We have the same question here. Did the label claim the vitamins contain these nutrients? I don’t have a bottle of SmartyPants gummies here, but my sources (friends who have these vitamins at home) say these things are not listed on the label. In other words, they knew full well they weren’t getting these particular nutrients when they chose these supplements. (As a side note, these gummies also don’t contain any sugar in the conventional sense.
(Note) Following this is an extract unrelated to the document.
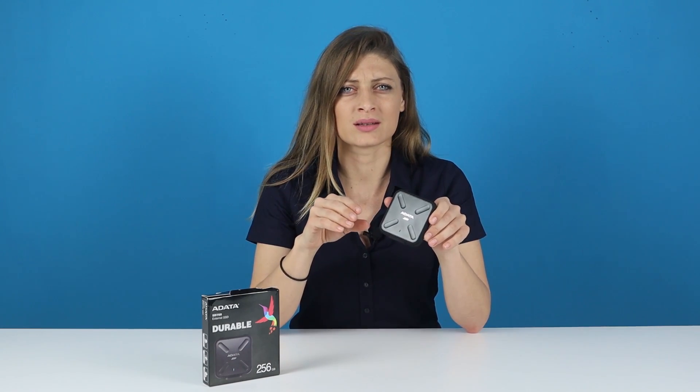Unlike mechanical drives, solid-state drives have no moving parts. They are completely silent, much more durable, run cool and of course consume far less power. The SD700 embodies all of this with advanced 3D NAND SSD technology and maintains these advantages as an external drive thanks to a custom durable enclosure.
They’re entirely sweetened with monk fruit extract.)
New York nutritionist Nikki Ostrower and owner of NAO Wellness told Daily Mail Online that she never recommends gummy vitamins to her clients.
‘A lot of gummy vitamins have artificial fillers in them like food coloring, some have high fructose corn syrup and lots of preservatives,’ she said.
Ah, the mysterious nutritionist does make an appearance! So she is real; that’s good. I largely agree with her and imagine she’s much more comfortable with this quote than the weird photo caption that was sort of attributed to her earlier in the article.
Summary
There’s more to the article, and we could keep going, but I think this has adequately illustrated how critical reading works. (A lot of the next section is expanding on the nutritionist’s statements, and it is somewhat more solid, overall, than the earlier part of the article.)
There are some good observations made in the article. And I’m not suggesting that gummy vitamins are necessarily an ideal option! Generally speaking, if you can take a capsule or even a chewable, you’re going to get a higher proportion of nutrients, a lower proportion of fillers, and a lot less sugar. But it varies. Some capsules are pretty junky and useless, and some gummies are carefully formulated with minimal junk. If a gummy form makes the difference between whether you (or your child, or your aging parent, or whomever) take a vitamin or not, then a (good quality) gummy may well be worth the trade-off.
Read labels, and make educated decisions. Read news (carefully) and make educated decisions.